Talat, Hristofyas'ı ve Rum'u yeniden keşfediyor...
3 Eylül’deki törensel başlangıcın ardından KKTC Cumhurbaşkanı Mehmet Ali Talat ile GKRY Başkanı Hristofyas 11 Eylül’de Kıbrıs sorununa çözüm bulmak amacıyla kapsamlı görüşmelere başladılar.
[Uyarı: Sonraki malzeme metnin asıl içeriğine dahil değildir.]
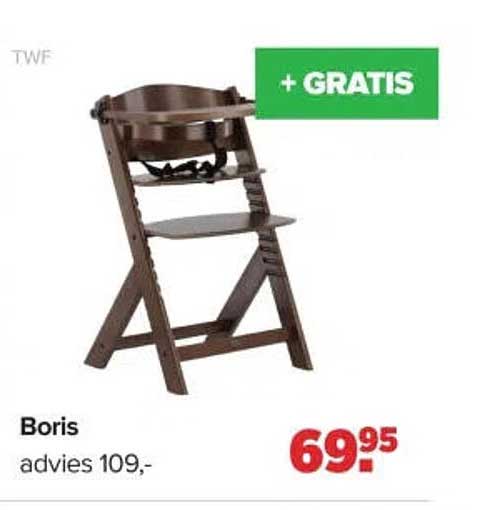 Boris + GRATIS
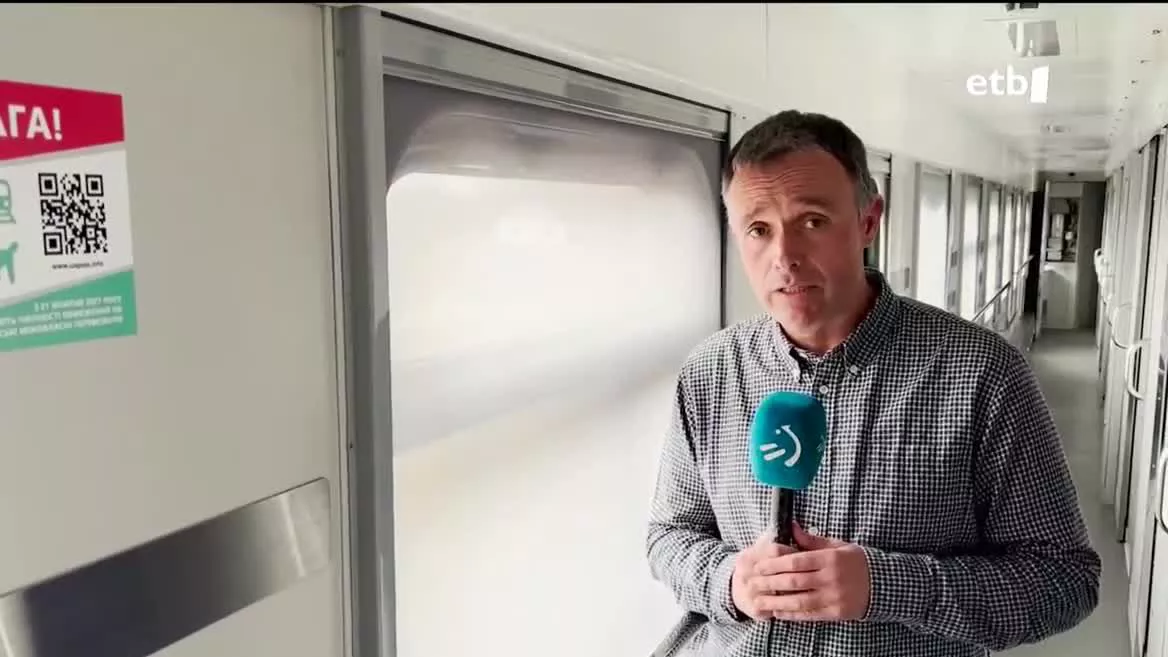 Kiev. Irudia: EITB Media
Tarafların kamuoylarına bilgi vermemek üzere aldıkları karartma kararı nedeniyle sürdürülmekte olan müzakereler konusunda bilgi alınamadı. Hatırlanacağı üzere Annan Planı üzerinde Denktaş-Papadopulos arasındaki müzakerelerde Cumhurbaşkanı Denktaş karartmaya karşı çıkmış ve her toplantıdan sonra yaptığı basın toplantısıyla kamuoyunu bilgilendirmişti.
Karartmaya rağmen görüşmenin ardından KKTC Cumhurbaşkanı Talat’ın TRT 2’ye konuşması ve detay vermese de görüşme süreciyle ilgili bazı önemli hususlara değinmesi iyi olmuştur.
Kıbrıs Türkleri için siyasal eşitliğin çok önemli olduğunun altını çizen KKTC Cumhurbaşkanı Talat, siyasi eşitliğin kendisini, yönetim ve güç paylaşımında gösterdiğini kaydetti. Talat, güç paylaşımı konusunda, egemenlik unsurunun da görüşüleceğini kaydetti. “Nasıl bir hükümet olacağının, federal hükümetlere bırakılacak yetki kadar önemli olmadığını” ifade eden Talat, “Önemli olan Kıbrıs Türk halkının kullanacağı yetkilerdir” dedi. Talat, güç bölüşümü ve federal düzeyde verilecek yetkilerle işe başladıklarını belirterek, “Zaten biz federal yetkileri tanımlayacağız sadece. Federal yetkileri tanımlayıp orada bırakacağız. Çünkü gerisi kurucu devletlerin yetkisi olacak” diye konuştu. “Bizim tezimiz Kıbrıs Türk halkının Kıbrıs Rum halkı ile siyasi eşitliğinin olması üzerine kuruludur” diyen Talat, Kıbrıs Türk devleti ile Kıbrıs Rum devletinin eşit statüsünün önemli olduğunu söyledi. Talat, “Bizim en hassas olduğumuz konu iki halkın siyasi eşitliğidir... Siyasi eşitlik halklar arasında olacak, devletler arasında olacak olan eşit statüdür” dedi.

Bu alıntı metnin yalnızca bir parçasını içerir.